→ Records for the task
-.-.-

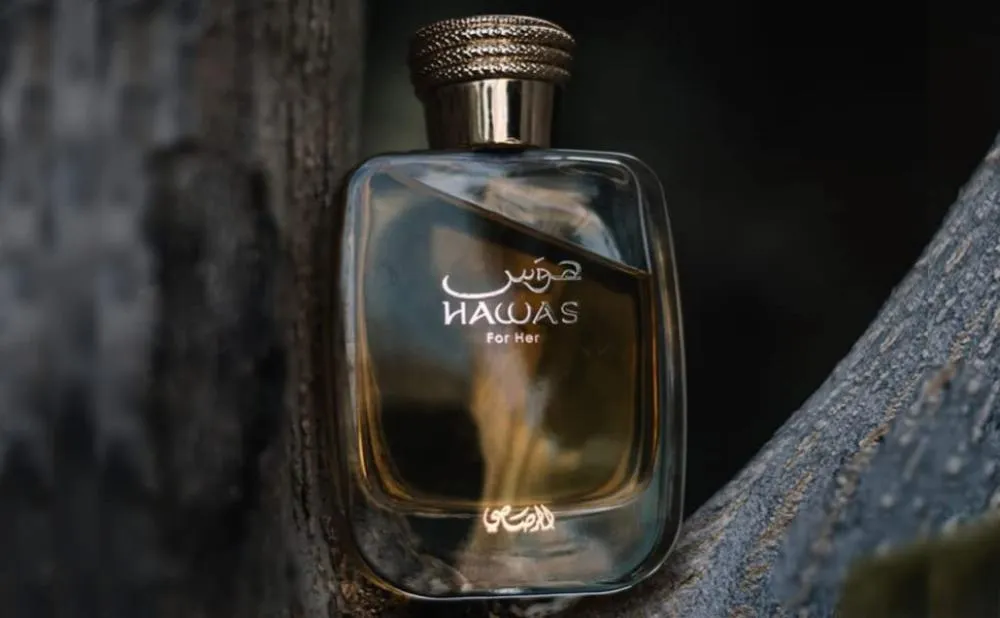 Hawas Exotic Eau de Parfum para hombre 100 ml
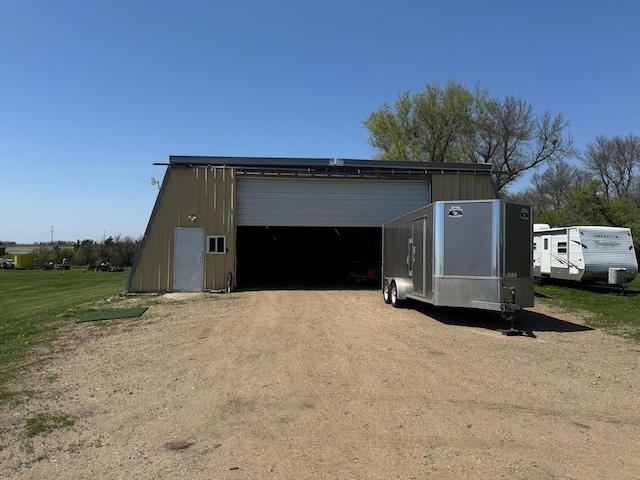 13739 429th Ave, Webster, SD 57274 - view of detached garage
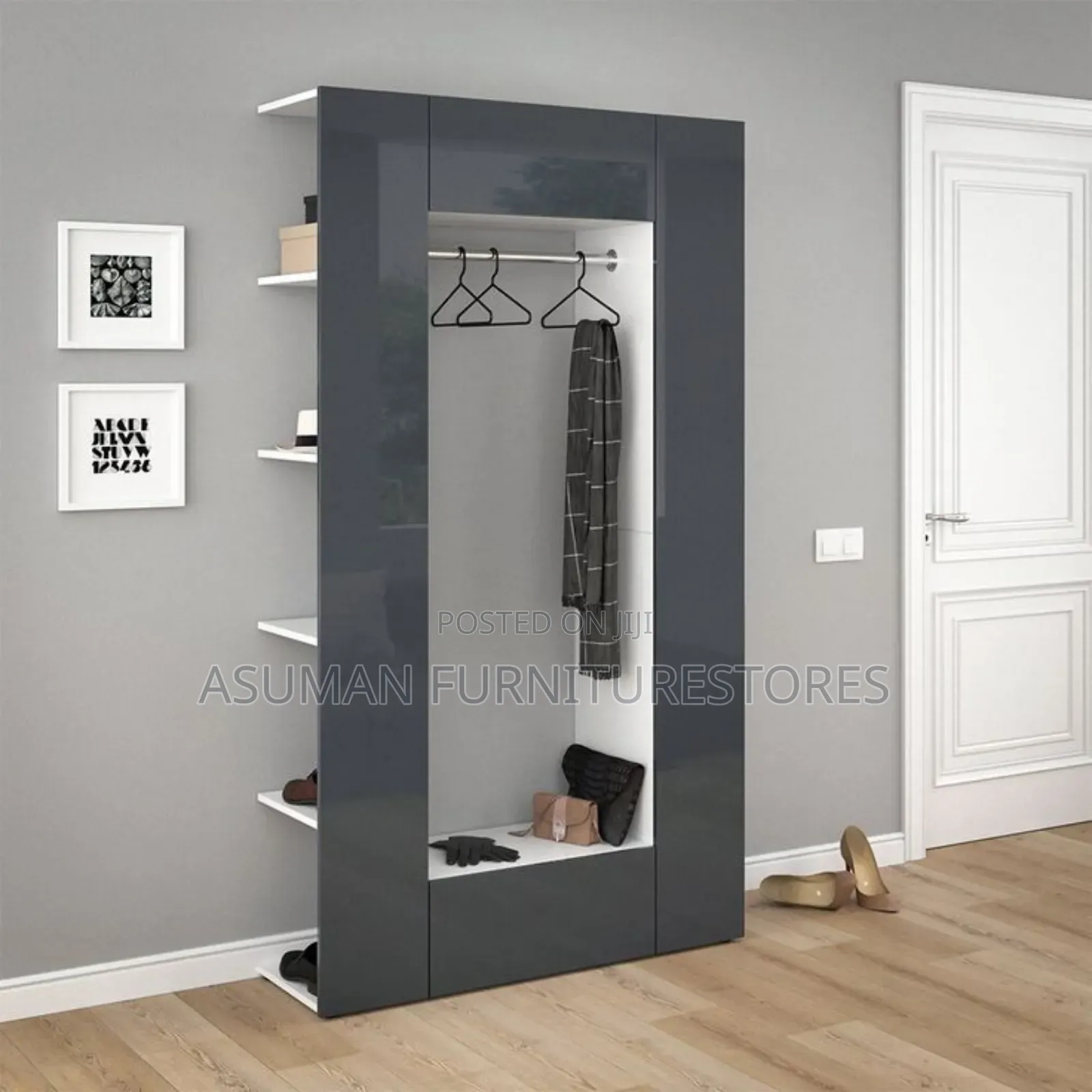 Modern Simple Wardrobe Call Us On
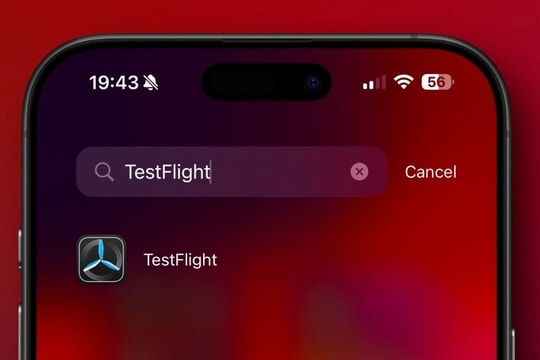 Apple ưu ái 'tặng' giao diện mới cho TestFlight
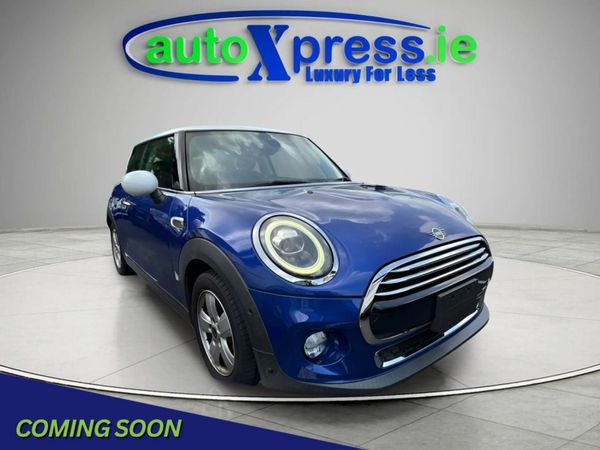 Mini Cooper Hatchback, Diesel, 2018, Blue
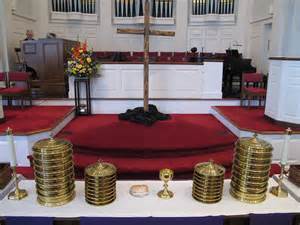 24227 Communion Table First Presbyterian Church April 3 2 Flickr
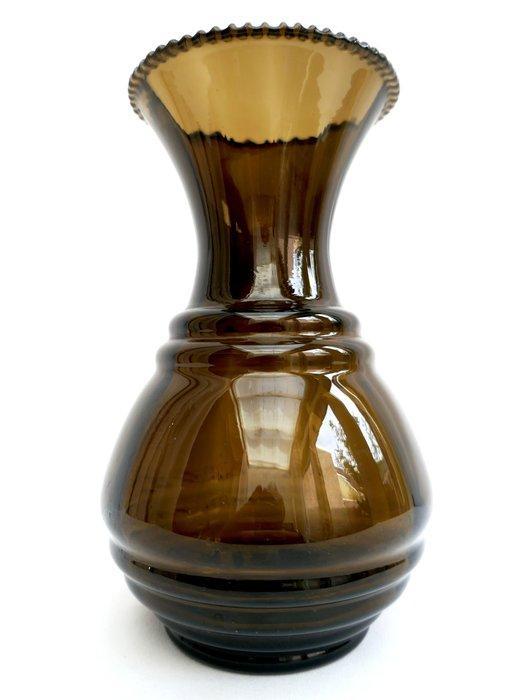 Verreries Globeleterries Doyen - Vaas - Glas, Antiek en Kunst, Curiosa en Brocante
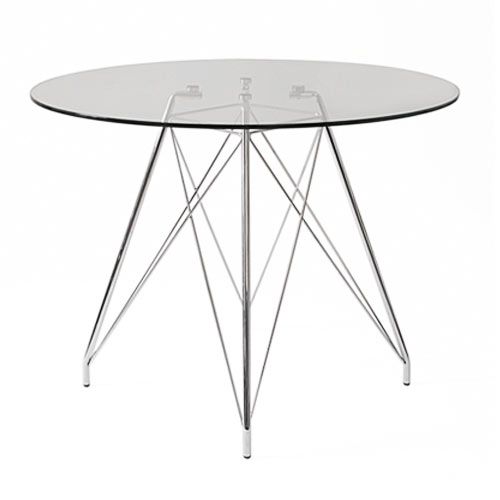 Стол Glamour D100 Fume (46382334) в Киеве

-.-.-

→ Work task
The copy must begin with the line containing "13739 429th Ave, Webster, SD", end with the last line of the material, match each line exactly, and hold no pictures.

→ Expected output
 13739 429th Ave, Webster, SD 57274 - view of detached garage
 Modern Simple Wardrobe Call Us On
 Apple ưu ái 'tặng' giao diện mới cho TestFlight
 Mini Cooper Hatchback, Diesel, 2018, Blue
 24227 Communion Table First Presbyterian Church April 3 2 Flickr
 Verreries Globeleterries Doyen - Vaas - Glas, Antiek en Kunst, Curiosa en Brocante
 Стол Glamour D100 Fume (46382334) в Киеве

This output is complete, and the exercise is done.